Clinical features of viral hemorrhagic fevers include inflammatory symptoms such as fever, myalgia, arthralgia, malaise and weakness. Hemorrhagic signs are petechiae, bleeding in internal organs and external bleeding from bodily orifices like the mouth, eyes, or ears. Some patients develop bloody diarrhea. Eventually critically ill patients could progress to more serious conditions including seizures, delirium, shock, renal failure, acute respiratory distress and multi-organ dysfunction.
Potential causes of the hemorrhagic disease include: 1) thrombocytopenia related to bone marrow suppression or platelet destruction secondary to endothelial activation from viral sepsis [2,3], 2) disseminated intravascular coagulation (DIC) [1,3-5], and 3) hepatic coagulopathy associated with virus-induced hepatitis/hepatic necrosis [1,6,7], However, no credible clinical and laboratory data have been documented to explain the underlying coagulopathy.
Although viral hemorrhagic fevers commonly occur with etiology-undetermined thrombocytopenia in critically ill patients (TCIP) [1-3,6-9], its relationship to bleeding is not clearly determined because thrombocytopenia is typically mild to moderately severe and it alone can’t be accountable for the severe hemorrhagic disorder. Thus the thrombocytopenia has not entered as a serious issue in caring of viral hemorrhagic fevers other than platelet transfusion to maintain it at a safe level.
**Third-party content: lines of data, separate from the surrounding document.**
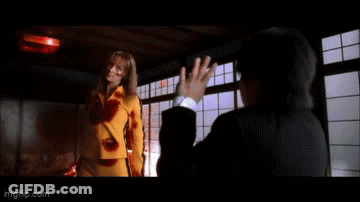 A Woman In A Yellow Shirt Is Saying Go Home To Your Mother . GIF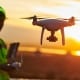 Construction worker operating a drone over a work site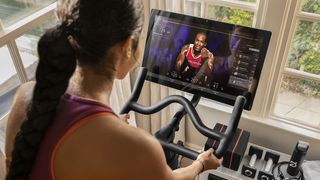 Woman using a Peloton bike indoors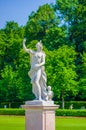 Nymphenburg, Germany - July 30, 2015: Sculpture of woman, beautiful sunny day, green grass and bushes in palace gardens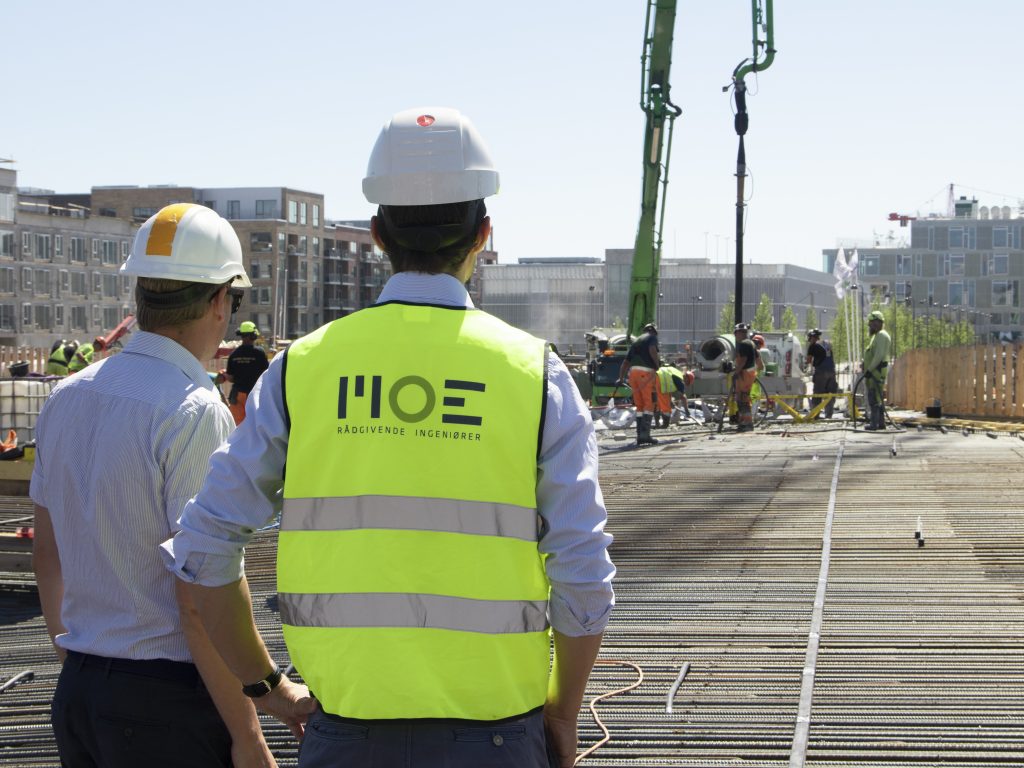 Building owners looking at construction site and using tector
It is well known that the critical illnesses due to pathogens from bacterial, viral, fungal or parasitic sepsis are oftentimes associated with TCIP [10]. This term has been applied to etiology-undetermined thrombocytopenia after exclusion of known causes of acute thrombocytopenia (e.g., heparin-induced, drug or transfusion-associated, DIC-associated, hypersplenism-related, etc.). An interesting finding is TCIP not only occurs in sepsis/septic shock, but also occurs in other critical illnesses (e.g., severe trauma, complications of surgery, pregnancy and transplant, and immunologic and collagen vascular diseases) [10-13]. Recently, significant correlation was noted between the degree of thrombocytopenia and severity of the disease, and TCIP influenced the prognosis and likelihood of recovery [14,15]. Severer thrombocytopenia has been associated with systemic inflammatory response syndrome (SIRS) and multi-organ dysfunction syndrome (MODS) [16,17]. These observations support TCIP is an important participant in the pathogenesis of the critical illness including viral hemorrhagic fevers.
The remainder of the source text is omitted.